Now imagine a sheet with identical tiny dots, only each one is numbered. The dots may still look like a jumble, but the numbers indicate how they link together. You draw a line from one to two, two to three, and so on. Oh look, you’ve drawn a seal balancing a beach ball on its nose! Gold star.

Working for a big company sometimes feels like staring at thousands of dots and having little idea how to connect them. I’ve been with Microsoft since 1995, but I don’t think I understood how these dots could work together until 2015.

That’s when we changed our marketing strategy. Before, the product design team would build and design the experiences, and the marketing team layered a brand identity on top to sell it. With the 2015 change, branding was no longer a “layer” of marketing disconnected from the product experience. Instead, branding became directly tied to and influenced by the product. And maybe, just maybe, the brand could influence the product in return.

In the heavily siloed world of giant corporations, that was practically crazy talk.

One dot at a time

Simplicity became our mission. We first needed to build brand principles and the brand story (in other words, why we exist in the world). Then, we’d figure out how the principles and story inform the product experience. We theorized that connecting experience and expression among product, brand identity, and marketing, and extrapolating those principles into meaningful guidance across the company, would create a better experience for customers.

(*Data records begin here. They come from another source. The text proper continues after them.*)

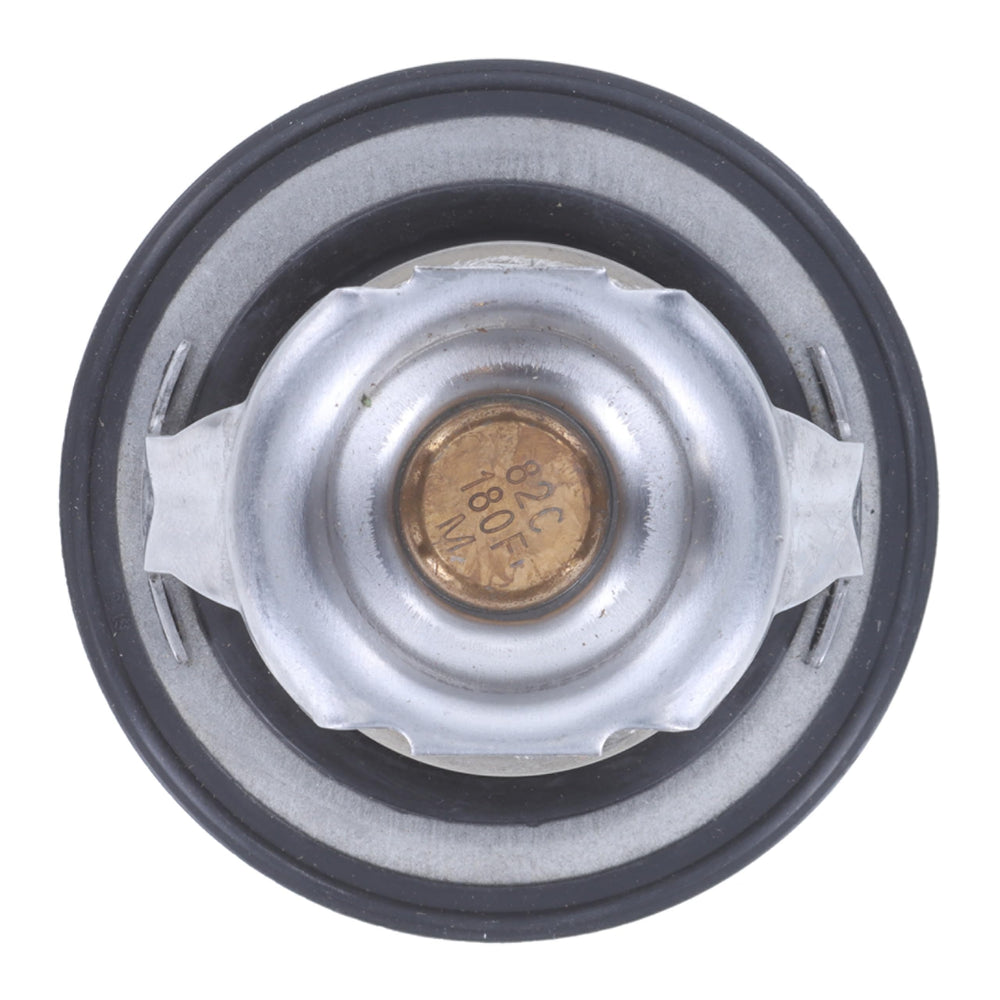 MotoRad thermostat installed in engine housing demonstrating direct-fit replacement benefit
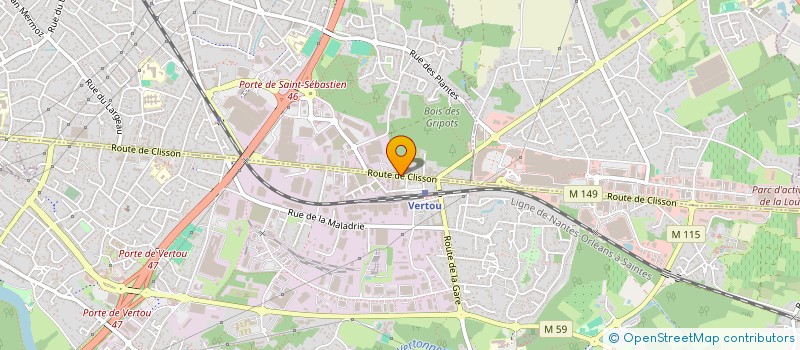 localisation de l'entreprise LOVE AVENTURE  SAINT-SEBASTIEN-SUR-LOIRE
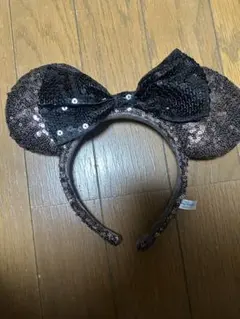 ミニーマウス耳カチューシャ スパンコール付き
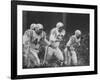 Baltimore Colts Playing Against the New York Giants-null-Framed Premium Photographic Print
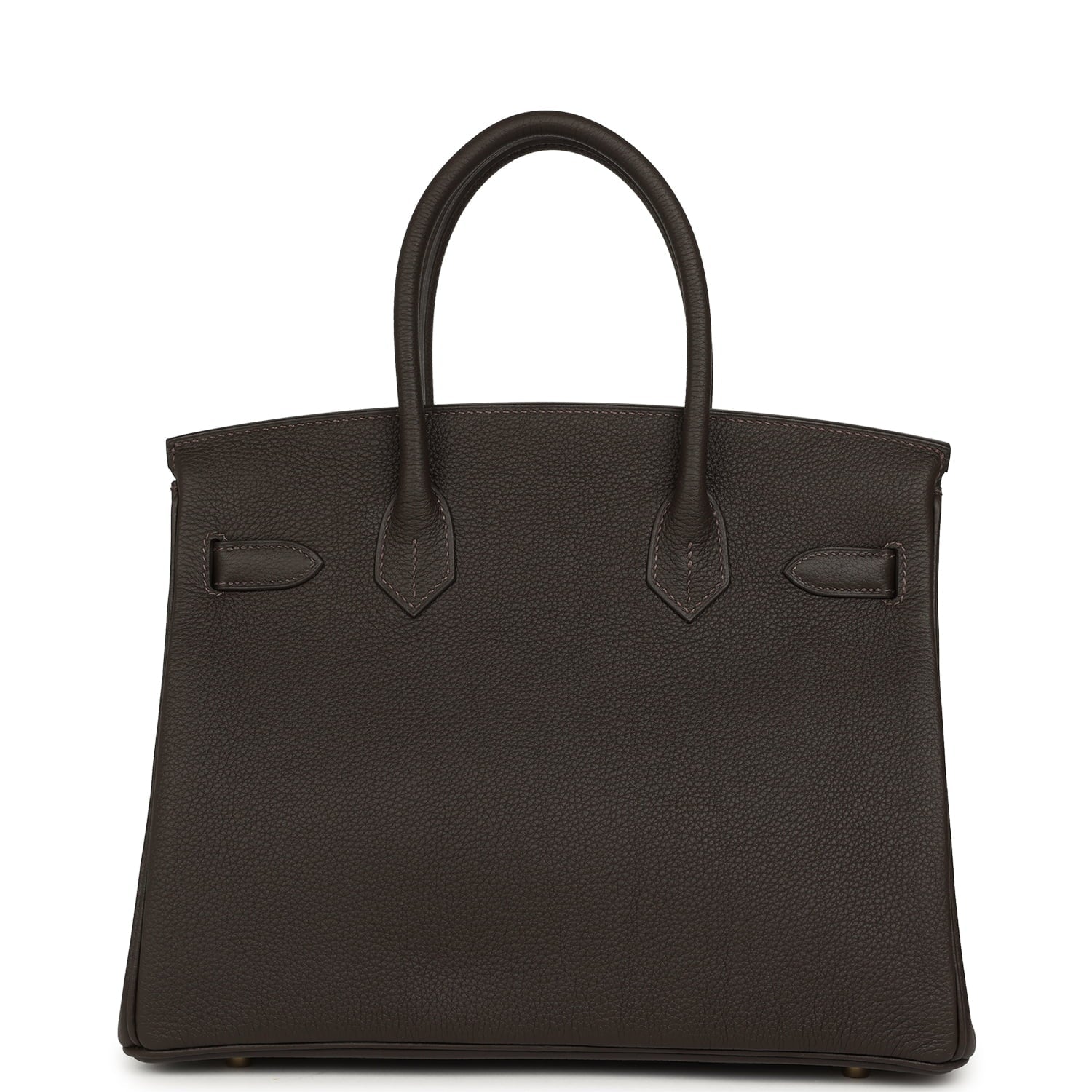 Hermes Birkin 30 Bai Brun Togo Gold Hardware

Numbers started to appear next to those scattered dots staring me in the face. The trick was getting other people to see them, too.

To show people the value of brand creative teams in marketing, we needed to have a lot more conversations with product design. First, we needed to understand what they were building and where they were headed. Second, we needed to create a visual identity closely tied to the product’s visual language, which a worldwide marketing organization could later implement.

Easy enough, right?

Thankfully, our senior leadership encourages us to work together for the greater good of the company, pushing away our own egos as much as possible to bring success to all. We call this One Microsoft. Particularly in our area, acting as One Microsoft is a necessity: we have a tiny creative team and can’t succeed without the assistance of other great creatives, so we need to understand each other’s business and create together. When it works, it’s magical.

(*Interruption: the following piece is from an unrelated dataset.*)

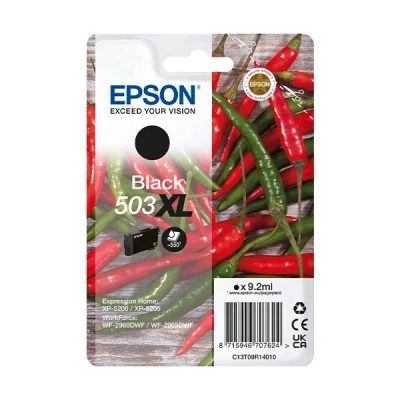 Image of Epson 503XL Chillies, Genuine Black Ink Cartridge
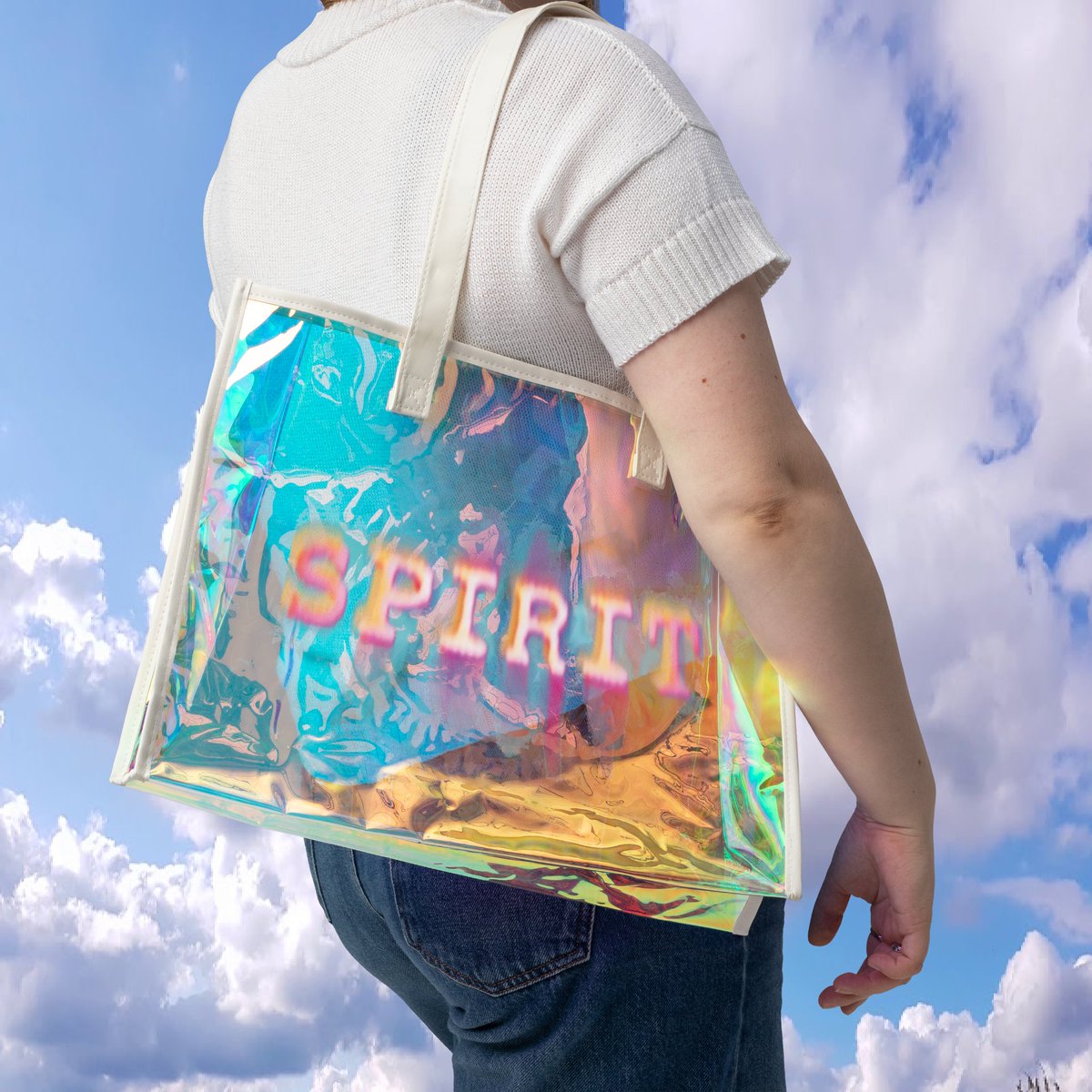 orbs_exe's tweet photo. STILL is one of my favorite pieces we have, Women's Holographic Tote Beach Bag. 

Great for the beach or everyday use. https://t.co/RQIswHi307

Case study: transforming Microsoft Office

Rebranding Office was one such magical example. For the first time, we looked to product teams for cues to lift the brand identity and create simple, scalable guidance. We worked directly with product design, an approach that we’d take later with Azure and HoloLens 2.

Our approach had five steps:

  1. Create the brand story working across brand strategy, engineering, and marketing, including a deep dive into product design principles and future principles.
  2. Conduct an end-to-end visual audit of the entire customer journey.
  3. Identify visual patterns and cues from the product, and from the parent Microsoft brand, to create a visual identity for the brand expression.
  4. Build creative principles and theories around color, illustration, typography, and photography, then stress test across all communication touchpoints in the marketing funnel.
  5. Create a simple design system that designers could scale worldwide without much creative oversight.
Three large black boards with print outs of the current Office branding.

Three large black boards with print outs of the current Office branding.

Boards from one of the many visual audits done in 2016 for Microsoft Office.

Our audit concluded that Office needed a more sophisticated yet simplified visual identity connecting our product experience and marketing communications. The marketing teams were doing their best; they followed the Microsoft brand guide for reference, but the broadness of the guide and visual system made it difficult to implement. We pared down the brand system in the name of simplicity.

Office brand guideline examples including personality, colors, and font.

Office brand guideline examples including personality, colors, and font.

Pages from the Microsoft Office Brand Guidelines.

Our collaboration effectively linked the pre-purchase marketing communications to the post-purchase ones. For example, we used our marketing expertise at engaging users to improve the first-usage experience (for example, the “how to” videos that introduced users to Office online). In that space, the product team focused more on UX, not the kind of branded moments within the product where you can tell a story.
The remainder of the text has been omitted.